「障害受容」について考えること

 これから先、人が土地を選び、人を選び、場を選び、暮らしを生成するところで、つながりを持てず、生きづらさや暮らしずらさを感じる人とともにあるような、そういうところを作っていきたいと思っているが、これまでの自分の研究知見と何か関係しているのか、とも思い、少し考えてみる。
 「障害受容」というのは、上田敏の定義によれば、最終ゴール地点として、「積極的な生活態度に至ること」とあり、納得いく生活をつくっていこうとする主体性を持てているかどうか、といったその人の生活態度に着目している。これはもっといえば、障害を生きる、ということの意味や価値にかかわることだから、実存的な問いかけを常にしてくるものだということは「障害受容からの自由」(CBR)で書いたことだった。
 「障害受容再考」(三輪書店)では障害受容という言葉の支援者側の使用法に疑問を持ち、支援者が都合よく用いることの背景にある「支援モデル」について疑問を呈した。それは端的にいうと「個人モデル」であり、個人の能力に着目し、その変容を求めるアプローチをしようとするので、変えられなかった状況の正当化のためにこの言葉が用いられてしまっている、といったことだった。
 もう1点は「障害受容」は個人の変容を求める言葉であるため、他者・社会の変容することの必要性に着目していないため、本人に過負荷のかかる概念であるといった「障害の社会モデル」の観点からの指摘にもつなげた。「障害の社会モデル」は社会の変容を責任を追及するモデルであり、障害者権利条約の障害概念にも採用されているモデルであり、障害のある人の「人権」概念にも寄与している。

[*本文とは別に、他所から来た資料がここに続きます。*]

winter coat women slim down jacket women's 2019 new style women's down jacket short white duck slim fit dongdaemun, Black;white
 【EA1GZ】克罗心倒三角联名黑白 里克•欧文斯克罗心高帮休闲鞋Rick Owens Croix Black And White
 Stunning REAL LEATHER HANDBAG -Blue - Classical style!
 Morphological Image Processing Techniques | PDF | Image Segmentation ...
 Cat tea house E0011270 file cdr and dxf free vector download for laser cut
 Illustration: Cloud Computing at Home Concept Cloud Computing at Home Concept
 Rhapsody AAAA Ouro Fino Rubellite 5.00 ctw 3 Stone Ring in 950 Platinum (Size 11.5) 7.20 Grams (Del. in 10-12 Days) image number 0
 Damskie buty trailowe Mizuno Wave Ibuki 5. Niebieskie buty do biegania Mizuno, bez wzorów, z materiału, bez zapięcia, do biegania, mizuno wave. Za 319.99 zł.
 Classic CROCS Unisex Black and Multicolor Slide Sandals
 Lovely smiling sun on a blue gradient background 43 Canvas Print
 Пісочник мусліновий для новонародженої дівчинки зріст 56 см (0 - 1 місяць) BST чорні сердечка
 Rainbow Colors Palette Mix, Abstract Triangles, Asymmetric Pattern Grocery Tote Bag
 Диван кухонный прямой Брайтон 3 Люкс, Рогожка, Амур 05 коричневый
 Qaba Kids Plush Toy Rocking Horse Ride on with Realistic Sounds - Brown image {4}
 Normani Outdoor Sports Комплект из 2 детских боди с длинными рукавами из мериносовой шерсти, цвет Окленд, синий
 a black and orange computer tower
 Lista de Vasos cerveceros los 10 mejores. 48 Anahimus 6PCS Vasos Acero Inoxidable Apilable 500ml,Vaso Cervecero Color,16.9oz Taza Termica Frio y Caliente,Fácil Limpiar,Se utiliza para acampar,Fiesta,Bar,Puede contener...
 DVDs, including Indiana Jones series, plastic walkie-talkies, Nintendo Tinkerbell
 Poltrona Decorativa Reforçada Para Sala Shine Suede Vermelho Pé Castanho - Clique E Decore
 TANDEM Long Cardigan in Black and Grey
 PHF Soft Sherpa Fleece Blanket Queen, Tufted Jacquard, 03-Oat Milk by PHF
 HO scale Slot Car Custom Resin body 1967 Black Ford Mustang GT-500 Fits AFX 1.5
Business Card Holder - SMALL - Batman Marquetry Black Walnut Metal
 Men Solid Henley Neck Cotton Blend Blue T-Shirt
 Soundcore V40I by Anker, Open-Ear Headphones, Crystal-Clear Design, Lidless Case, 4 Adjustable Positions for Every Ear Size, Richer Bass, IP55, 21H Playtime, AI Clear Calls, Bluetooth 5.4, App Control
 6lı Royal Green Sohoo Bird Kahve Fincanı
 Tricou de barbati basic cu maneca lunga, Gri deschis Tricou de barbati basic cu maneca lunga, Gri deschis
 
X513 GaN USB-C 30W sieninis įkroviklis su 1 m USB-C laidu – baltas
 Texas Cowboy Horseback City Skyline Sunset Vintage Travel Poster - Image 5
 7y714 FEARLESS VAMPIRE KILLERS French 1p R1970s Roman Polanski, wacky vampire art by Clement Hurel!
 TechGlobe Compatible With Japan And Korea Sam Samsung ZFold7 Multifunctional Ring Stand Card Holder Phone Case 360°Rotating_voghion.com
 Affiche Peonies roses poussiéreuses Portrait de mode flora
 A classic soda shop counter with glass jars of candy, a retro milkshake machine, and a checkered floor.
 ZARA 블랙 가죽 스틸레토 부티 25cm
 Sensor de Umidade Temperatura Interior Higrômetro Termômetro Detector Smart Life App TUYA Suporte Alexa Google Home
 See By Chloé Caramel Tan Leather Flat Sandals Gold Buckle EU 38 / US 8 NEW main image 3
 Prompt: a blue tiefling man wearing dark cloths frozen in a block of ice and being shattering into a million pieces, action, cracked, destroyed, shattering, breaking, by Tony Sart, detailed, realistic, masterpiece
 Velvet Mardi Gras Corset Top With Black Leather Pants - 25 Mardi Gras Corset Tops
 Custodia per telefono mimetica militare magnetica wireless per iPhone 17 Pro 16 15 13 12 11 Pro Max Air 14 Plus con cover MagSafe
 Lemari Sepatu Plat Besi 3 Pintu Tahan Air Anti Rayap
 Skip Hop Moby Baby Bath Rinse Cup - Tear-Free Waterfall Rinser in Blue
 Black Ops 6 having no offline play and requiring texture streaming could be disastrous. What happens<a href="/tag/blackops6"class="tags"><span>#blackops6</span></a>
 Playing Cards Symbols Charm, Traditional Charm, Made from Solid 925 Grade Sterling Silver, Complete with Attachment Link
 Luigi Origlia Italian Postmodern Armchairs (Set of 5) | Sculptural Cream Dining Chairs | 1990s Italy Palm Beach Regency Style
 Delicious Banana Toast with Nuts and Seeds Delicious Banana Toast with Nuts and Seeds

 それに関連して、ソーシャルワークがご専門の中島康晴さんは、新自由主義的社会への批判論の展開になかで「障害受容」問題(能力・効率主義的な価値観の受容)を取り扱っており、政治・社会思想レベルまでその問題は広がるのだなと感じた。
 「障害受容」から派生してくることは、単に障害のある人が障害を受容しているとかしていないとか、どんなステップがあるかとか、なにがあれば促進できるかとか、そういうことではなくて、人が自分の人生をつくっていく過程にかかわる、実存的な問いだったり、支援モデルがどのような社会を構想すべきかとか、人権とは何が守られいればよいのかとか、ともに生きる在り方など、様々な課題群を提供してくれているのだと思う。